Carrick was a player who never got the credit he deserved, playing as he did in a Golden Generation of players for both club and country. But whilst many of his team-mates, the likes of Scholes, Rio Ferdinand, Rooney and Ronaldo were considered galactic talents, Carrick's star never dimmed. A mere 34 caps for England seem almost an insult for a player of his quality and Sir Alex's side certainly would not have ushered in a new era of dominance if if wasn't Carrick's almost silent string-pulling in midfield. He was never the strongest or the quickest, but his reading of the game and distribution often laid the platform for his perhaps more illustrious team-mates to shine. He was never going to produce a ridiculous piece of skill or a 30-yard screamer but every team needs a Carrick in their ranks. His arrival broke Chelsea's increasing stranglehold on the English game and proved the final piece of the puzzle as Ferguson's last great side fitted together.
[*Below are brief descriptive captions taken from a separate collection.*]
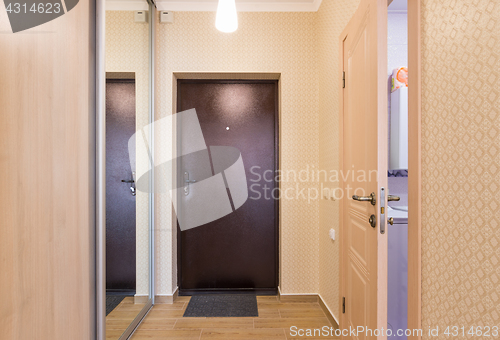 Image of Entrance hallway, interior, entrance door, built-in wardrobes and an open door to the bathroom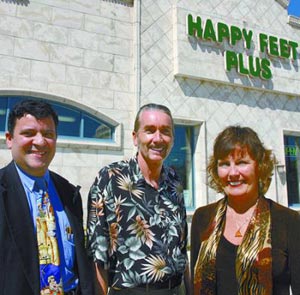 Photo of Happy Feet Plus three owners standing outside of retail building.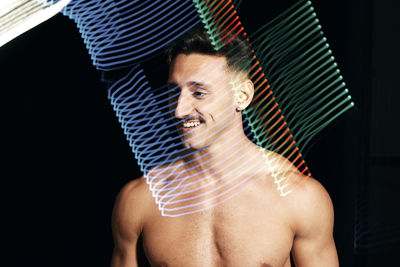 Portrait of shirtless young man against black background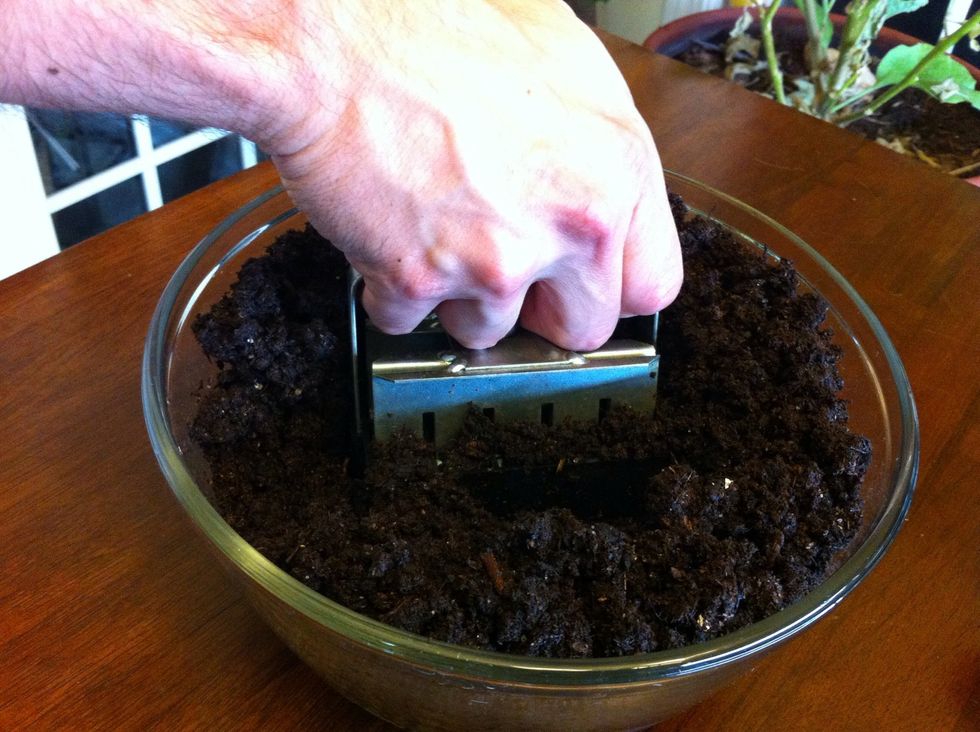 Push soil blocker into soil, twisting slightly back and forth as you push down. Soil should be firmly packed into each blocker cube before placing cubes on seedling tray.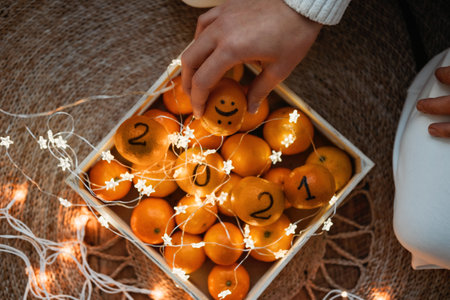 2021 goals, new year resolution, start planning new year, 2021 is Coming. Box of oranges, tangerines with numbers 2021, garland lights and hands with smile on orange.の写真素材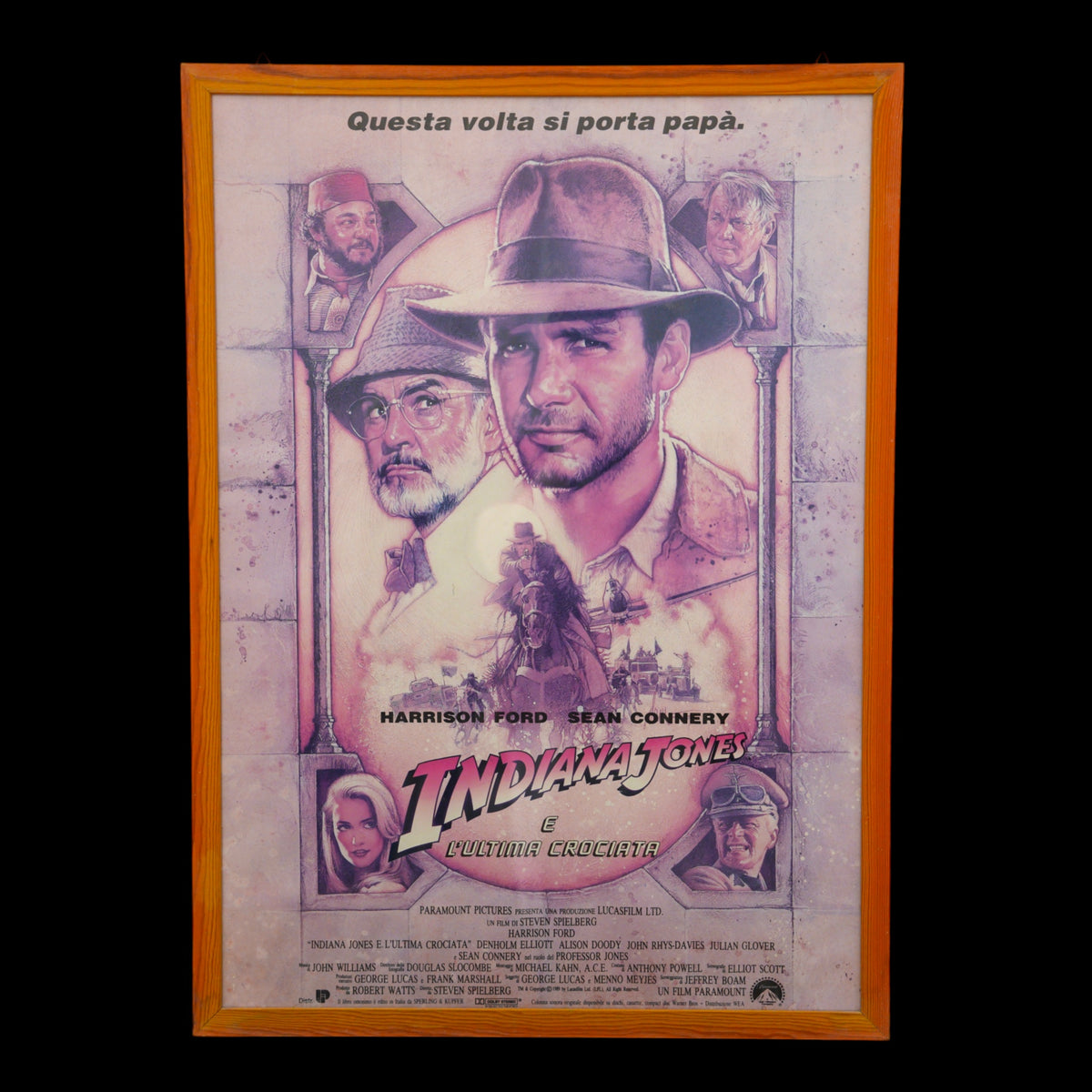 Locandina originale "Indiana Jones e l'Ultima Crociata" (1989) prima stampa italiana – illustrazione di Drew Struzan, cornice in legno – 99 x 72 cm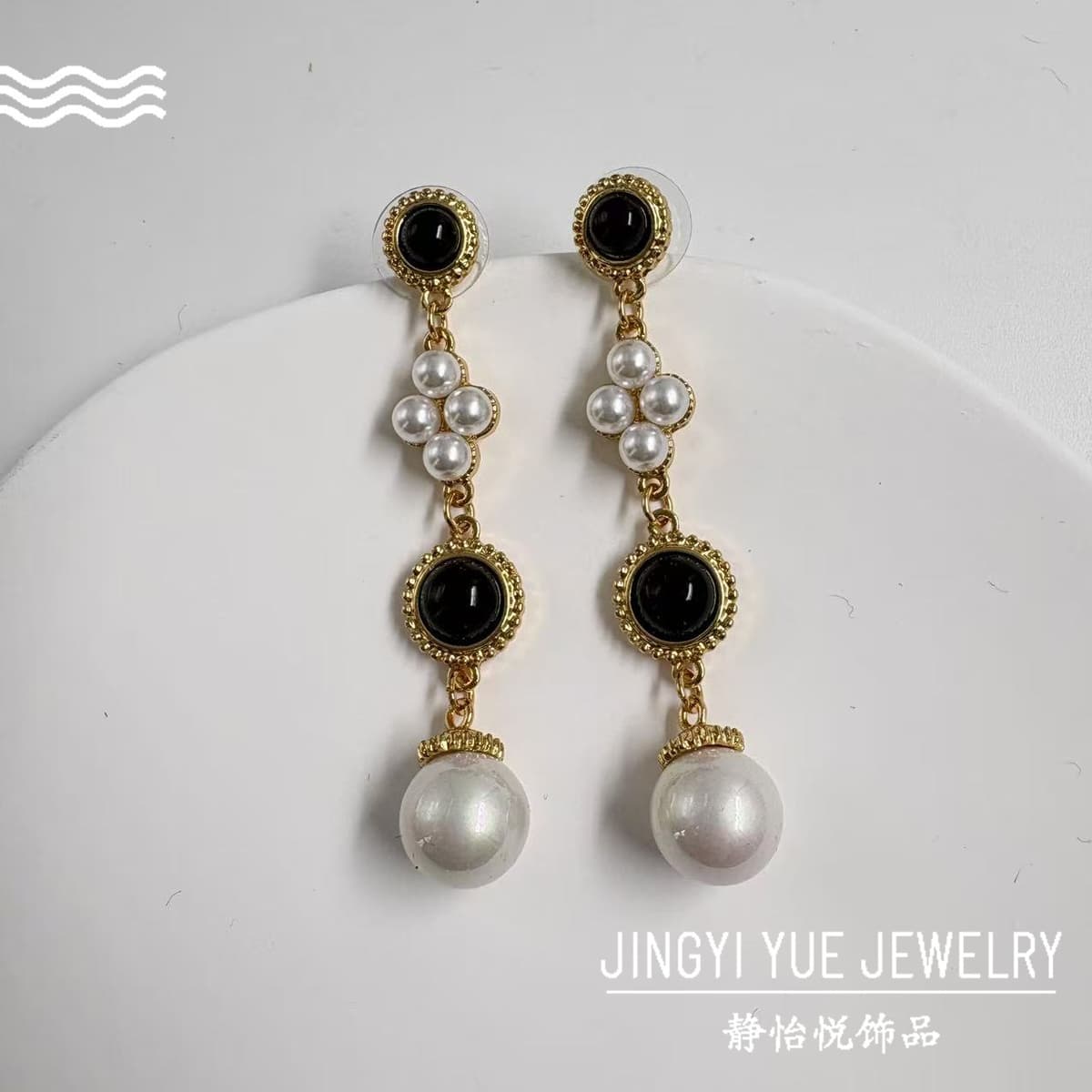 1610 black earrings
The 18m would come to look like a bargain as Carrick and co. won the title in his first season at the club - our first in four years - to spark another era of trophy-laden dominance over the next half decade.

Carrick and team-mate Rooney are the only two English players to win every honour in the game: five Premier Leagues, two League Cups, the Champions League, the Europa League, FIFA Club World Cup, six Community Shields and completed his haul of domestic honours with the FA Cup win under Louis van Gaal in 2016. Carrick was named as United's Player of the Year by his peers in 2012-13, our last title winning season and played 464 times across 12 seasons in Red. 

Having retired as a player, Carrick moved on to the coaching staff under Mourinho alongside Kieran McKenna following the departure of Mourinho's trusted lieutenant Rui Faria. 
The rest, as the old adage goes, is history: Carrick stayed on under Ole Gunnar Solskjaer as the man responsible for taking training and doing the tactical work. 

It's the end of an era and another departure of a club legend - albeit one not quite as celebrated as Solskjaer. Carrick was expected to stay on despite the imminent arrival of Ralf Rangnick but stepped down from his role as first-team coach after Thursday's 3-2 win over Arsenal. Carrick was part of the problem but, to his credit, held the fort well as caretaker manager after Solskjaer's sacking and picked up two wins and a creditable draw at Chelsea from his three games in caretaker charge. 

He can leave the club with his head held high just like Ole having steadied the ship when we needed him and given the incoming German Rangnick something to work with and build upon. Perhaps only now will he get the recognition he deserves. 

As the adoring Stretford End once serenaded in his honour: he's Carrick, you know, hard to believe he's not Scholes. 

Thank you for everything Michael and good luck in the future.